Website for the Tempogram Toolbox, Mirror at MPII
The Tempogram Toolbox has been developed by Peter Grosche and Meinard Müller. It contains MATLAB implementations for extracting various types of recently proposed tempo and pulse related audio representations, see [GM_IEEE-TASLP2011]. These representations are particularly designed to reveal useful information even for music with weak note onset information and changing tempo. The MATLAB implementations provided on this website are published under the terms of the General Public License (GPL).
On this website you find results and audio examples for a score-informed source separation procedure as described in [EM_ICASSP2012]. Based on non-negative matrix factorization (NMF), the main idea used in this approach is to impose score-based constraints on both the template as well as the activation side. Using such double constraints results in musically meaningful decompositions similar to parametric approaches, while being computationally less demanding and easier to implement.
The objective evaluation and comparison of various techniques is crucial for the scientific progress in applied fields such as music information retrieval. Here, the availability of common datasets are of foremost importance. One important goal of our collaboration is to generate royalty free music data without any copyright restrictions, which is freely available for research purposes. On this website we supply various types of music data recorded at the HFM. This data is referred to as Saarland Music Data (SMD). Besides usual music recordings (SMD Western Music), we also supply MIDI-audio pairs (SMD MIDI-Audio Piano Music). These pairs, which have been generated by using hybrid acoustic/digital pianos (Disklavier), constitute valuable ground truth material for various MIR tasks.

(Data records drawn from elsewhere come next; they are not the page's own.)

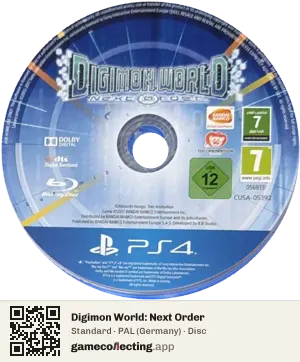 Digimon World: Next Order PlayStation 4, PAL disc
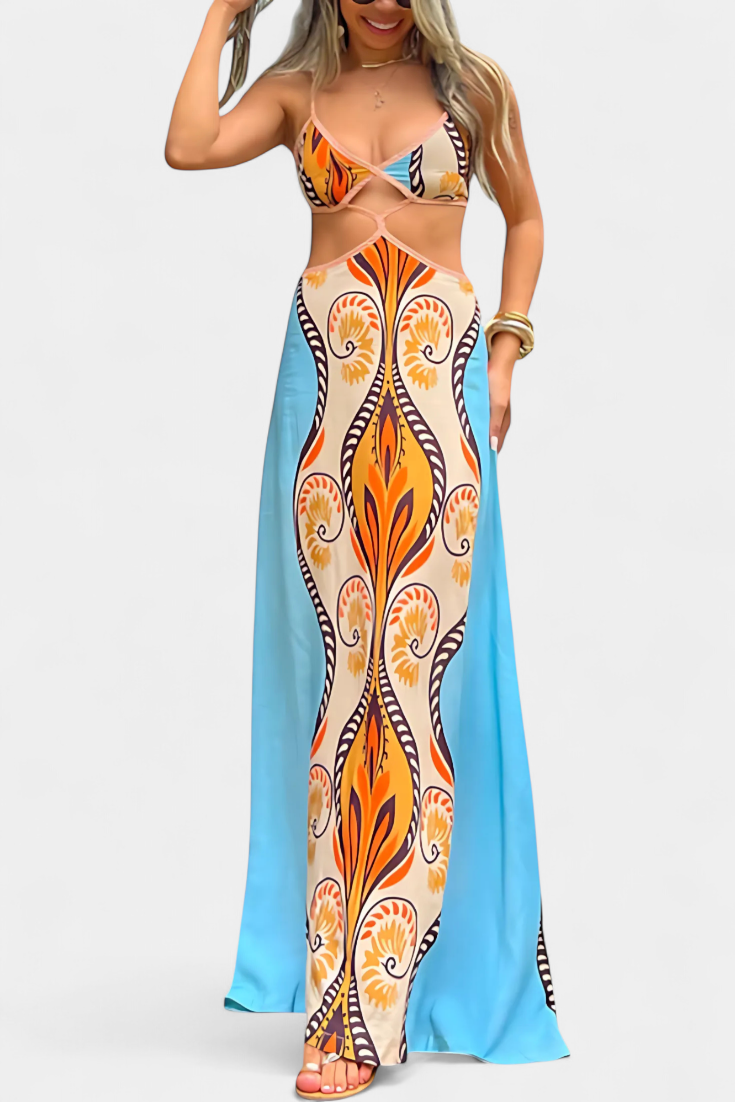 Camélia™ | Robe longue dos noué à imprimé bohème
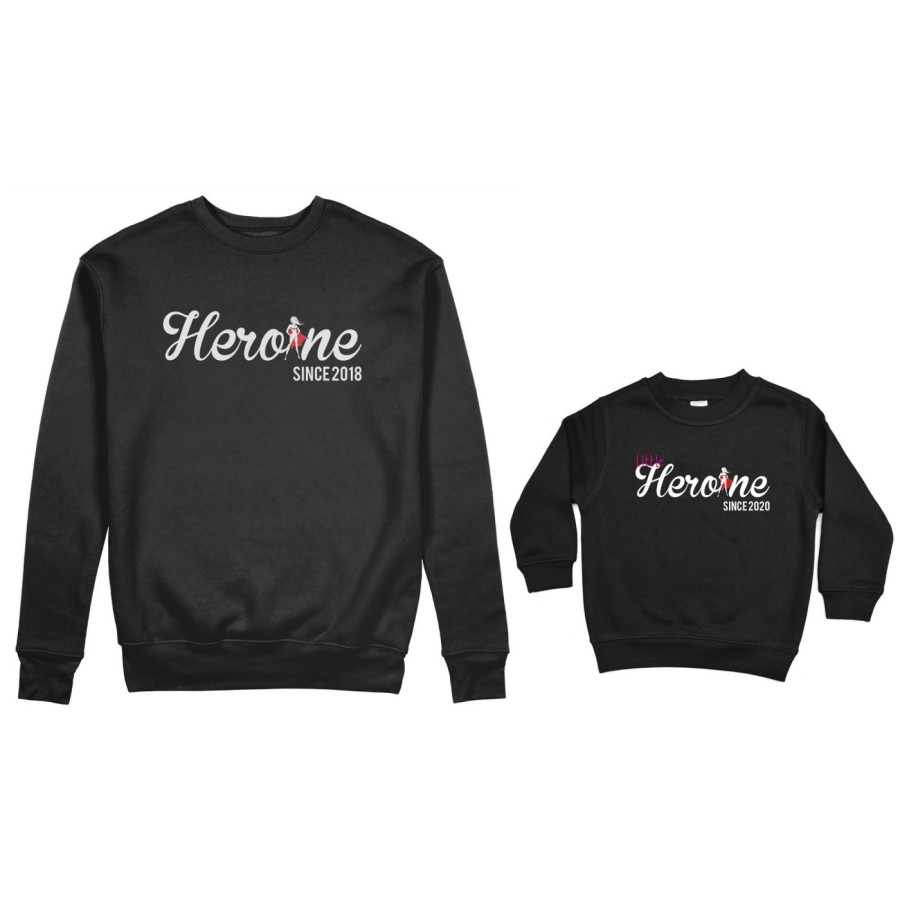 Coordinato felpe madre figlia personalizzato con anno heroine since little heroine since Per la mamma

Website for SyncRWC, Mirror at MPII
On this web page, we supply MIDI-audio synchronization results obtained from the synchronization procedure described in [EMG_ICASSP2009]. Providing these results, our goal is to establish a platform for comparing and discussing various synchronization and alignment procedures. In general terms, music synchronization denotes a procedure which, for a given position in one representation of a piece of music, determines the corresponding position within another representation. Depending upon the respective data formats, one distinguishes between various synchronization tasks. For example, audio-audio synchronization refers to the task of time aligning two different audio recordings of a piece of music. These alignments can be used to jump freely between different interpretations, thus affording efficient and convenient audio browsing. The goal of MIDI-audio synchronization is to coordinate MIDI note events with audio data. The result can be regarded as an automated annotation of the audio recording with available MIDI data.
Website for the Mocap Database HDM05
It is the objective of our motion capture database HDM05 to supply free motion capture data for research purposes. HDM05 contains more than three hours of systematically recorded and well-documented motion capture data in the C3D as well as in the ASF/AMC data format. Furthermore, HDM05 contains for more than 70 motion classes in 10 to 50 realizations executed by various actors. The HDM05 database has been designed and set up under the direction of Meinard Müller, Tido Röder, Michael Clausen, Bernhard Eberhardt, Björn Krüger, and Andreas Weber. The motion capturing has been conducted in the year 2005 at the Hochschule der Medien (HDM), Stuttgart, Germany, supervised by Bernhard Eberhardt.